- Born: 8 October 1898 Bournemouth, England or Edinburgh, Scotland
- Died: 9 January 1938 (aged 39) Oxted, Surrey, England
- Buried: St Peter's Church, Tandridge, Surrey, England
- Allegiance: United Kingdom
- Branch: British Army Royal Air Force
- Service years: 1916–1931
- Rank: Captain
- Unit: No. 1 Squadron RFC
- Awards: Distinguished Flying Cross

= Robert A. Birkbeck =

British World War I flying ace (1898–1938)

Captain Robert Alexander Birkbeck (8 October 1898 – 9 January 1938), was a British World War I flying ace credited with 10 aerial victories.

==World War I service==
Birkbeck received the Royal Aero Club certificate No. 3157 on 23 June 1916 to qualify as a pilot. He was appointed a temporary probationary second lieutenant on 4 March 1917. He was appointed a flying officer in the Royal Flying Corps on 7 May 1917. He was confirmed in his rank on 1 June 1917. He joined No. 1 Squadron RFC on 10 June 1917.

He flew Nieuport fighter No. B1582 to his first victory on 22 July 1917. He used the same plane for two more wins in August; he then switched to Nieuport No. B6753 for his next six triumphs, all scored in October 1917. He wrapped up his score with his tenth win in Nieuport No. B6826, making him a double ace. His final tally was three enemy airplanes destroyed, and seven driven down out of control; one of the out of control victories was shared with Captain William Victor Trevor Rooper and two other pilots.
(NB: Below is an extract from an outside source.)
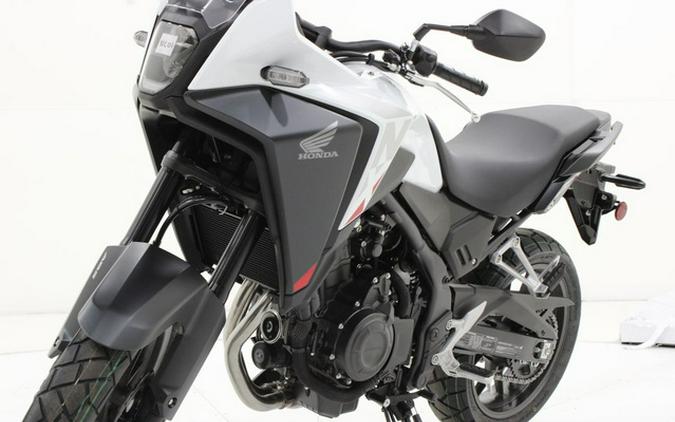 2026 Honda NX500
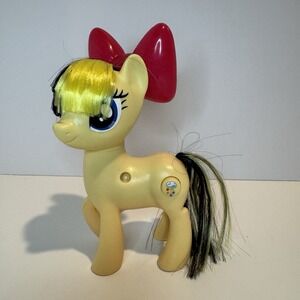 My Little Pony The Movie Singing Songbird Serenade Figure Sia 2016 Hasbro MLP‎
On 3 November 1917 he was appointed a flight commander with the temporary rank of captain. Birkbeck left the front for England in February 1918. He received the Distinguished Flying Cross on 3 June 1918.

==Post-war==
Birkbeck was transferred to the unemployed list on 23 May 1919, but was granted a short service commission on 8 June 1920, when he was promoted from flying officer to flight lieutenant, later amended to date from 12 May 1920.

Birkbeck later became shipbroker, and resided at Stack House, Oxted, until his death on 9 January 1938.